Otherwise I don't follow anime at all. I just search random ones up based on some preferences and see if it's any good. There's a lot of crap to wade through when looking for anime...it's like Wii games.


----------



## Sora de Eclaune (Jun 28, 2011)

Hells Malice said:
			
		

> There's a lot of crap to wade through when looking for anime...it's like Wii games.

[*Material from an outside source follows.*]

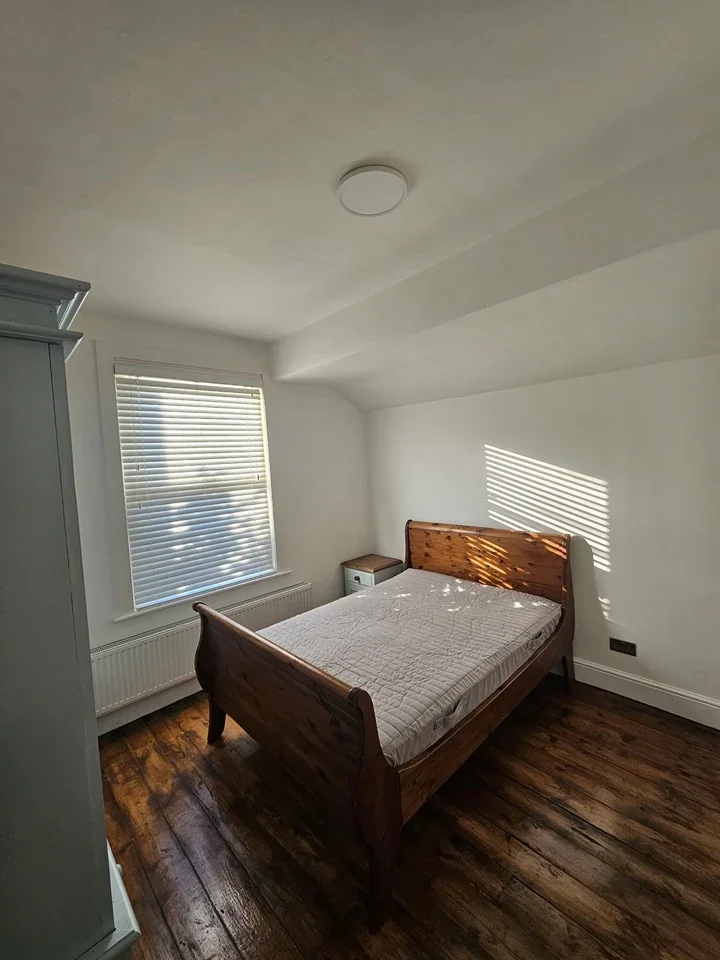 Room Seaton Road in Gillingham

Except with Wii games, there're more waggling of long objects, and with anime there's less crap.


----------



## machomuu (Jun 28, 2011)

Sora de Eclaune said:
			
		

> Hells Malice said:
> 
> 
> 
> ...


I dunno, there's a lot of waggling and crap in anime, I'd say just as much.  Only real difference is some crappy anime are actually popular, just look at _that_ one particular anime in The Big 3.


----------



## ChaosZero816 (Jun 29, 2011)

I'm looking forward to Baka to Test to Shoukanjuu Ni!

Other than that, not much really. I'll probably check out the others and see if they are worth watching.


----------



## prowler (Jul 3, 2011)

Hells Malice said:
			
		

> Angel Beats!


How is the dub?
I want to watch again but not sure if to go with the dub or not.

Anyway if I actually watch anything this season it would be
- Sacred Seven
- No. 6
- Valkyria Chronicles 3 OVA


----------



## Gundam Eclipse (Jul 3, 2011)

FATE MOTHERFUCKING ZERO
Shakugan no Shana since it was one of my first anime
CODE MOTHERFUCKING GEASS
MOTHERFUCKING PERSONA 4
Girl's Work


----------



## Hells Malice (Jul 5, 2011)

prowler_ said:
			
		

> Hells Malice said:
> 
> 
> 
> ...




I personally love it so far. But i'm a huge fan of most of the English VA's, so I may be a little biased.


----------



## hikeero (Jul 5, 2011)

1. baka to test season 2
2. kami-sama no memo-chou
3. nurarihyon no mago:sennen makyou (season 2)


----------